Madam Lamour recalled her time at Marina International when she introduced African literature for GSE in the school including the works of some Gambians like Nana Grey-Johnson.
“For the area of academic, it is necessary to re-develop the curriculum,” she said.
The Gambia has different skills training centres that were built to encourage skills development in the country. However, they have not been seen as equal in opportunities compared to the academic area.
“Skills training is key but if somebody is from the academic background, you look down on one from skills training. You need to be building cities and it is not lawyers and doctors who are building it but craft people, technical people. They must be seen as on a par with the lawyers,” she said.
She said Gambia needs to prepare its human capital to increase capacity through skills training by balancing opportunities in terms of privileges in studying and earning level.
“The government is supposed to be for the people. They have to represent the people and unfortunately, we depend on external aid.
“I believe the contract with the citizens is weak because in most developed countries their citizens constitute tax payers and therefore, they are the pay masters of the government. The Gambian people are not the pay masters of the government. What should happen is more job creation on entrepreneurship or public job creation,” she said.
The National Development Plan (NDP) launched by the government in last year, only allocated 8.34 percent to human capital out of the required target of $US2.4 billion as one of the main cost drivers. Strategy four of the NDP stated investing in people through improved education and health services and building a caring society. It seeks to enhance access to quality and affordable education for both academic and skills trainings.

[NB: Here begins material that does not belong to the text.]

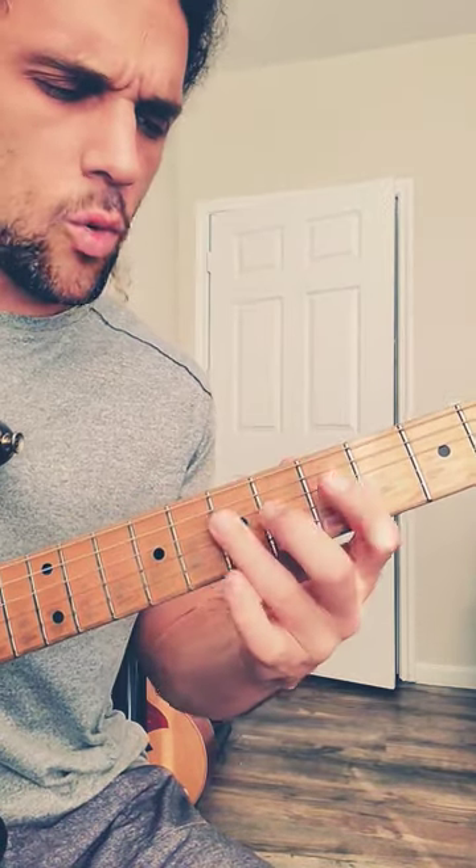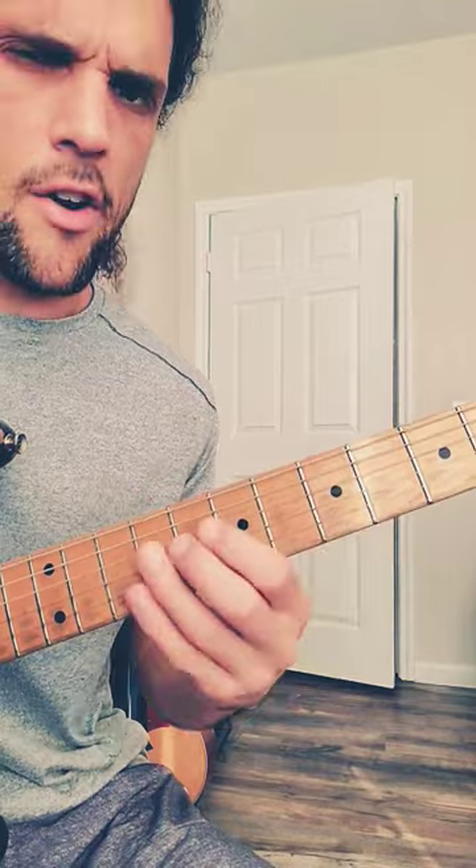What about six? It's right there. One, three, five, flat seven — passing into six. Very common sound.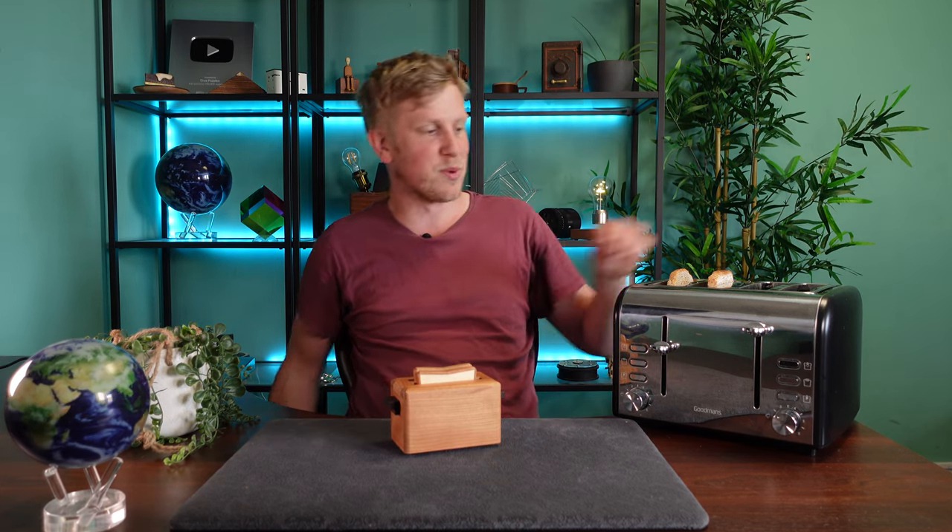So there we have it — the Toaster Puzzle Box. And I'm going to get myself some lukewarm bread.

However, Lamour said this is not enough.
“If you don’t prioritise your human capacity I believe the country is going to fail. It needs a paradigm shift. You should see the people as assets, build their capacities and they can build the country. So, you have to work the talk,” she said.
According to her, it is part of her mission to take part in the development of Gambia when she first came to the country and Africa in general. “I am a Pan African. My passion is education, women leadership and young people.
“I believe that we have to find ways of generating income which brought about ‘education for wealth’, a project being implemented by Aspire Education Group in the UK.
As an education activist, she was motivated to set up the institution along with a friend to work particularly in the black communities where many young black children are not doing well in the education system in Britain.
“There are varieties of reasons but one reason that cut across all these is racism which means that there is low expectation for black children,” she said, adding that the issue of discrimination is another problem in terms of equal opportunities in schools.
“If you consider Africa as a continent with the most geo-political strategic mineral resources on the planet how can it be poor? They can only be poor because they are not in control of their resources,” she asserted.
She said African leaders failed to manage their resources properly and get value from it which other people are doing.